In the proposal, the Center for Devices and Radiological Health budget would rise from $313.9 million to $320.5 million. Funding for the National Center for Toxicological Research would remain nearly flat at $49.1 million, even though that center will take on many initiatives tied to personalized medicine and genomics-related efforts.
FDA plans several Regulatory Science and Facilities initiatives. One such measure will start a national Medical Device Registry that will link unique identifiers for medical devices and electronic health data.
Other efforts will include steps to develop and articulate "clear regulatory standards" for products using genomics, systems biology, proteomics, nanotechnology, and other new, fast-developing technologies.
"In order to develop regulatory standards for cutting-edge technologies, FDA must conduct research and provide input to external groups that seek to develop, for example, new biomarkers or biosimilar products, also known as follow-on proteins or follow-on biologics," the agency said in its budget proposal report.
"The investment in regulatory science will benefit new product development in areas such as personalized medicine and systems biology – including genomics," said FDA.
NCTR will continue its focus on three program areas, including personalized nutrition and medicine, surveillance and risk analysis, and enhancing the safety of medical products.
The Personalized Nutrition and Medicine program will seek to undertake research strategies to identify genetic, environmental, and cultural diversity factors that affect health and disease. NCTR will focus some efforts on characterizing biomarkers that will enable FDA to identify science-based therapies that will increase the effectiveness of treatments, and to reduce the rate of adverse events in patients.
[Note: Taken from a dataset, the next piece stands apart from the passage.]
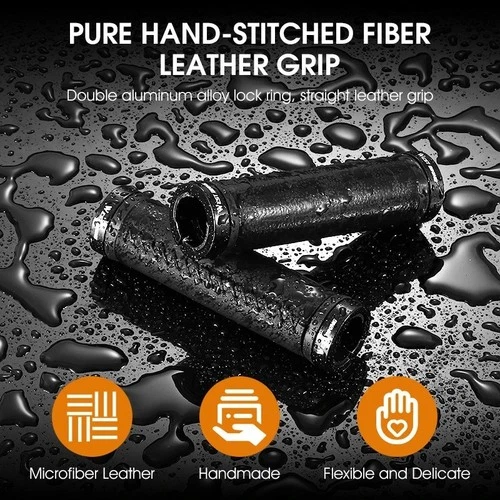 West Biking Microfiber Leather Double Lock-On Anti-Slip Bicycle Handlebar Grip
FDA said that NCTR also will explore new approaches in the personalized health and medicine areas such as nutrigenomics.
NCTR will continue to support its Genomics Laboratory for analyzing and re-sequencing human and primate genes and studying how individual variants are linked to biological response, particularly in the area of drug metabolism.
"Establishing expertise in the area of genomics is essential for FDA's regulatory mission to enable evaluation of new products and services that are developed on the basis of genomic information," FDA said.
Also at NCTR, the Genomic KnowledgeBase program will continue to develop pharmacogenomic knowledge that was discovered using the Array Track integrated DNA microarray data management, mining, analysis, and interpretation software program.